Luís dos Passos também teria sido umas das vítimas de 27 de maio, porque razão este terá compactuado com o sistema para extinguir o partido “PRD”?
(Risos) meu caro jornalista! São poucos, não só em Angola, mas no mundo que não gostam do dinheiro sem suor, talvez por isso. Também pela pressão da própria família. O MPLA depois fez uma chantagem, ao exonerar o seu irmão, Boaventura Cardoso, do cargo de ministro da Informação, pelo José Eduardo dos Santos, como Presidente da República, na altura, no sentido de persuadir o seu irmão Luís dos Passos, para aderir as políticas do MPLA, e assim aconteceu.

Qual era o cargo que o senhor desempenhava no partido “PRD”, para hoje ser vice-presidente da Fundação 27 de Maio?
Fui o patrono do PRD. O individuo que na altura entregou um cheque de seis milhões de kwanzas, o que equivalia 360 mil dólares que permitiu a sua instalação representativa em todo país. Mesmo assim fui expulso do PRD e da função pública, porque eu trabalhei no Conselho de Ministro como funcionário superior, fui radicado da função pública e até agora nunca pagam a minha pensão de reforma de que tenho direito, porque totalizei o tempo bastante para ter a pensão.
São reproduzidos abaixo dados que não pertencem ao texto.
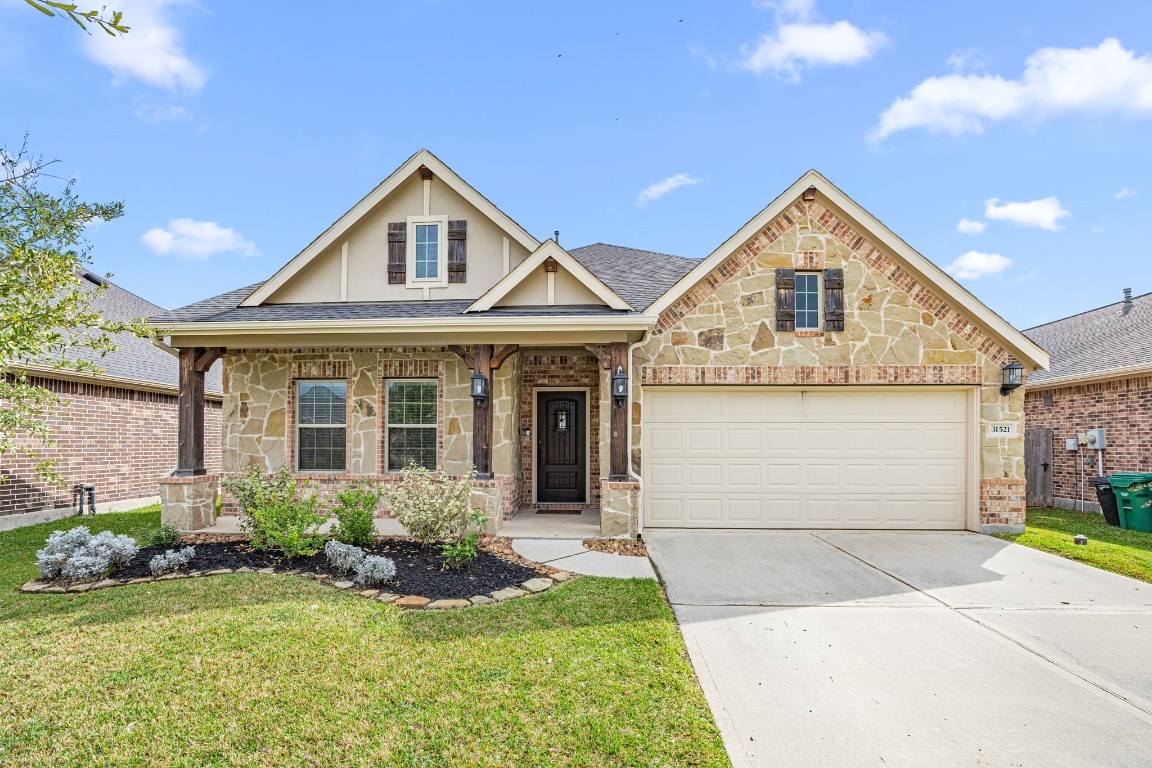 31521 Timber Grove Lane Spring, TX 77386 - Photo 4 of 30 Mature landscaping with great curb appeal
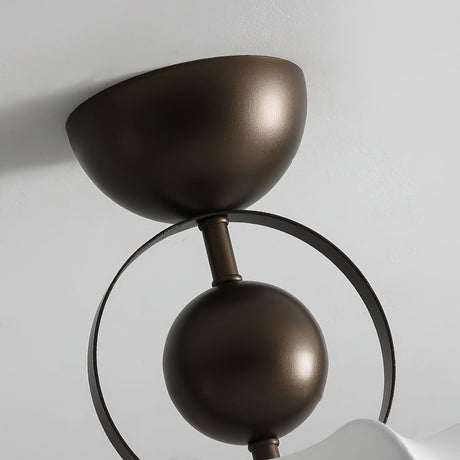 Close view of the bronze canopy, ring and ball detail above the silk shade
Mas isso é uma questão política, a tendência é de me destruir psicologicamente.

A Fundação ora criada mantinha contactos directos com entidades afins?
Depois de se ter publicado no Diário da República, endereçamos um dossier ao Bureau Político do MPLA a dizer que o processo iria continuar porque a fundação foi criada para fazer frente à direcção do MPLA, uma vez ter sido o MPLA a começar com o processo, tinha de ser o mesmo a termina-lo.

Nunca tinham tido resposta de todos solicitações feitas junto do MPLA para que fossem assistidos?
Em 2001, no primeiro conselho consultivo da fundação, o MPLA apercebeu-se de que iríamos exteriorizar o nome dos matadores do 27 de maio. Então, de forma cínica, o MPLA emite pela primeira vez uma declaração através do Bureau Político, onde já não nos chamavam de “golpistas nem de pequenos burgueses”, mas sim de “compatriotas incompreendidos”. A declaração dizia que houve indivíduos que agiram a margem das instituições criadas para o efeito e que haviam de resolver um passivo criado pelo 27 de maio.

Para a fundação, qual era o objectivo da primeira declaração por parte do MPLA, uma vez que até agora não têm o problema resolvido?
A intenção era a de impedir que as exteriorizações dos nomes dos assassinos fossem divulgados. E, volvidos 11 anos, em 2013, quando pretendíamos fazer entrega de uma carta, com a presença de todos membros associados, mais de mil inscritos, na altura, ao aperceberam-se que devíamos aparecer defronte da sede do MPLA, o vice-presidente do partido, na altura, Roberto de Almeida, voltou a emitir a mesma declaração, apenas com alterações na data e alguns termos semelhantes. Desde este período nunca mais houve qualquer pronunciamento.